This task asks for the lines from the one with "How does a transaction work?" to the final line below, repeated exactly, with pictures omitted.

PROVIDED DATA section start

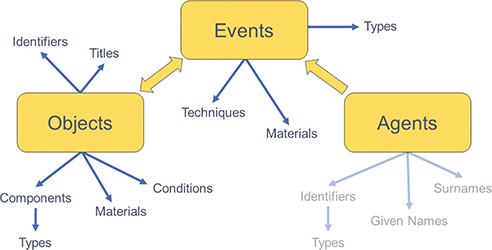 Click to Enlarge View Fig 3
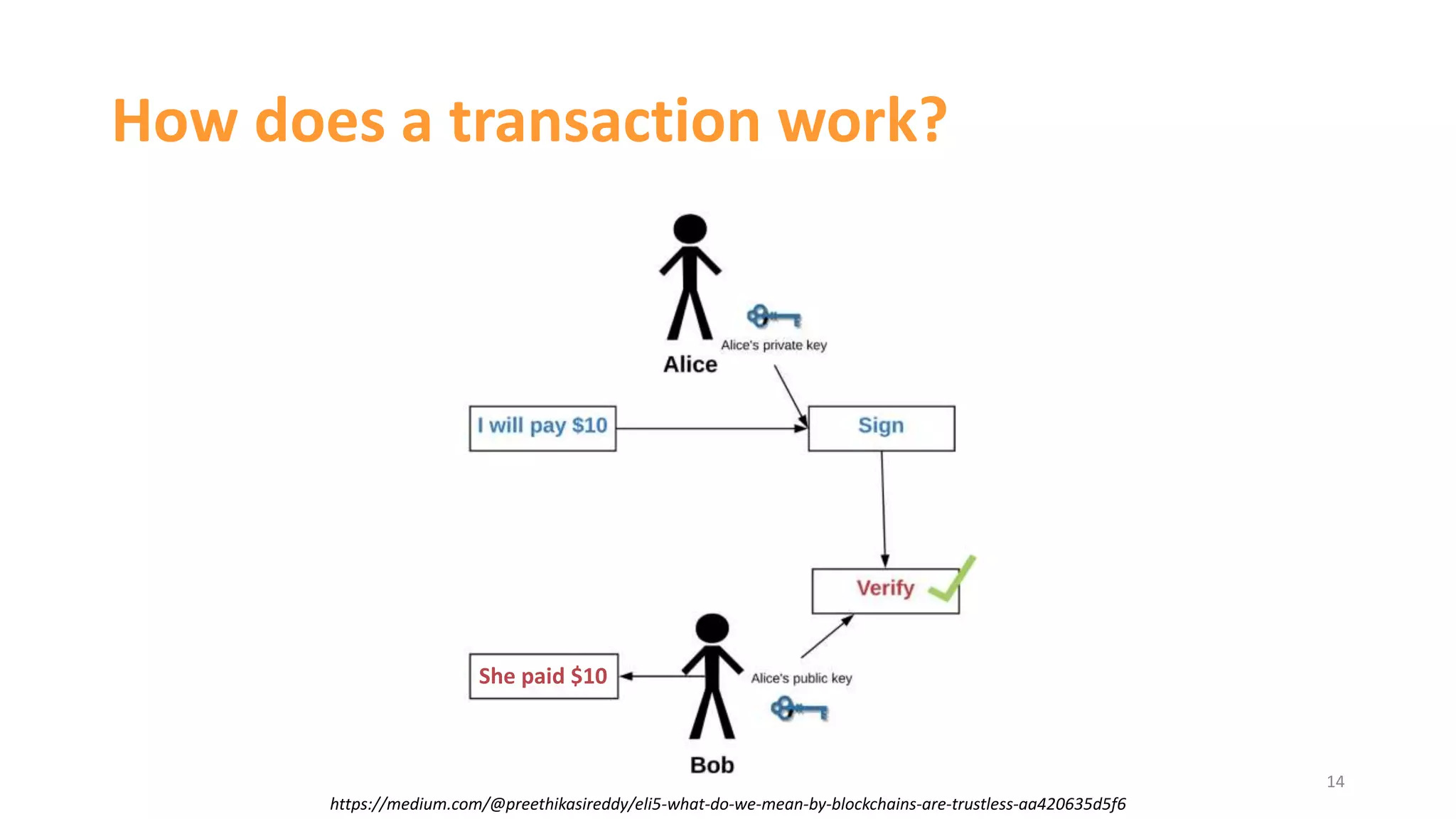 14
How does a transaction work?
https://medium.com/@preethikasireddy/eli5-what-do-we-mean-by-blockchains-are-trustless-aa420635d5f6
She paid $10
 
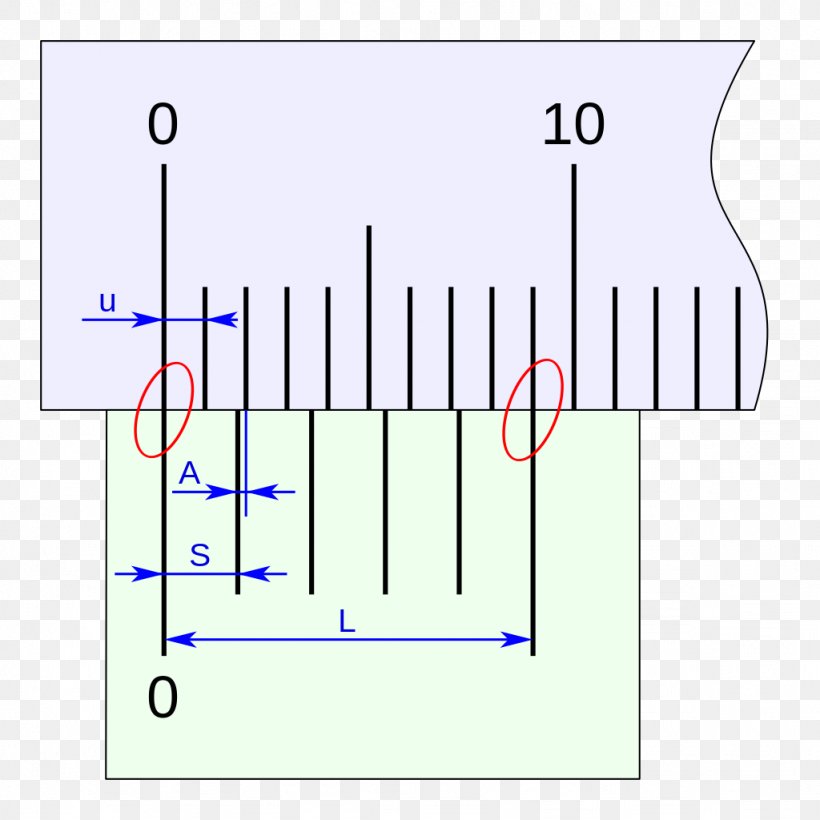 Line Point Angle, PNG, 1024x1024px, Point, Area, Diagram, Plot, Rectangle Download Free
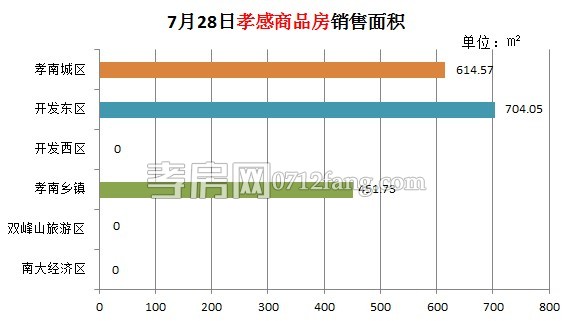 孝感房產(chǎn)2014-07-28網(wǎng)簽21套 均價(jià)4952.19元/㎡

PROVIDED DATA section end

### ANSWER SPACE
How does a transaction work?
https://medium.com/@preethikasireddy/eli5-what-do-we-mean-by-blockchains-are-trustless-aa420635d5f6
She paid $10
 
 Line Point Angle, PNG, 1024x1024px, Point, Area, Diagram, Plot, Rectangle Download Free
 孝感房產(chǎn)2014-07-28網(wǎng)簽21套 均價(jià)4952.19元/㎡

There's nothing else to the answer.